I know it's small comfort but if the boss' only concern was saving money, that works in the short term but it in the long term companies that sacrifice quality and value for short term dollars won't be here long.


----------



## gummy-bear (Oct 27, 2007)

I'm so sorry to hear.  Hang in there.


----------



## oregonyeti (Jun 16, 2007)

I got laid off Feb 4. I'm a HVAC tech (heating and cooling). It's amazing to me that there's almost no work available except minimum wage, or close to minimum wage jobs. Unless something good happens early next week, I'm giving 30 days' notice at this apartment and moving back in with my wife just to make ends meet. Neither one of us looks forward to that.


----------



## chefelle (Feb 17, 2007)

I am so sorry to hear of your layoff. It happened to me too last July...I know how much it hurts...especially when you've worked extremely hard and gone the extra mile to put out an exceptional product as we chefs and pastry chefs strive to do.

For me it was a blessing in disguise....I hope it will be for you as well. I had grown very comfortable in my position....I KNEW it was time for me to open my own place but was terrified to make the leap. When I was laid off...and with very, VERY few jobs in baking and pastry in my area....my employment opportunities were pretty grim indeed. I immediately began looking into opening my own shop and in October it finally became a reality. 

My heart goes out to you. I am praying that a special blessing will be on its way to you!


----------



## 112inky (Mar 24, 2009)

I think you are right friend.. they do this because the quality chef need to be paid more... don't worry... you will soon get a good post....


----------



## mivaa (Mar 30, 2009)

i'm sorry to hear about it too. well yeah i guess it's a money thing .. hope you'll get hired soon though!


----------



## harpua (May 4, 2005)

Thank you all! I haven't had any luck, but with unemployment checks and moving out of the area soon, it looks like it's mostly billiards for me and craigslisting other cities . 
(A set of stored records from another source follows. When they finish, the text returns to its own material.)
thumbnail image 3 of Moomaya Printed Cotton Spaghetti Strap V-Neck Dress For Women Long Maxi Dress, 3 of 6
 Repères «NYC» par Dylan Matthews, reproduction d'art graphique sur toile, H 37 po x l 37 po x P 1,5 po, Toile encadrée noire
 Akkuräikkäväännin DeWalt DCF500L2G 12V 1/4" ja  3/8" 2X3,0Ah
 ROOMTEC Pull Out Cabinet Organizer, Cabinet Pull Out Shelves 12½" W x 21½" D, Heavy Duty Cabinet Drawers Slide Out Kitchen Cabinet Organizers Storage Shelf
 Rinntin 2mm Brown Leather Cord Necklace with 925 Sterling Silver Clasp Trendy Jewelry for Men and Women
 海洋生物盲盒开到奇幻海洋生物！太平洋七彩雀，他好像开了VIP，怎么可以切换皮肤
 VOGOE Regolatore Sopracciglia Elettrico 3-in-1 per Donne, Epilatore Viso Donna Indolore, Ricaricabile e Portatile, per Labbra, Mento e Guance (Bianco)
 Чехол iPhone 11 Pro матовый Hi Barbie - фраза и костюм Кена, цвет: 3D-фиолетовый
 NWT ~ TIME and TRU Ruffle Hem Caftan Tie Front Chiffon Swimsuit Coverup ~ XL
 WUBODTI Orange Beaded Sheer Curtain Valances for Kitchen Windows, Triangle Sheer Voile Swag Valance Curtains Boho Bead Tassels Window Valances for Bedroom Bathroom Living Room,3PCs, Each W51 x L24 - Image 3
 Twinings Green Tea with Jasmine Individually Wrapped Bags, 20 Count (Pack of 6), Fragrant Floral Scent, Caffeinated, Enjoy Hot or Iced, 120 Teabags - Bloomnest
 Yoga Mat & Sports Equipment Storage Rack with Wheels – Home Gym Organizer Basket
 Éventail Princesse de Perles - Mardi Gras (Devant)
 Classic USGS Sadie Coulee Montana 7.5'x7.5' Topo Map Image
Thanks for the support; there are many of you who I look up to.


----------



## oregonyeti (Jun 16, 2007)

I've also had no luck. I've moved back in with the wife and kids for now, a 120 mile move, just for financial survival (wife and I don't get along but she depends on my $ help).


----------



## harpua (May 4, 2005)

Sucks! What a crappy situation. I hope things work out for you soon..


----------



## oregonyeti (Jun 16, 2007)

Thank you. Best of luck to you as well


----------



## mezzaluna (Aug 29, 2000)

Harpua, I hope you land on your feet soon. Wisconsin is a lovely place! No techtonic shifting to speak of, lots of beautiful lakes, down-to-earth people and GREAT CHEESE. We'd love to have you. 

OregonYeti, I'm so sorry to hear about your dislocation! I'll pray for peace.


----------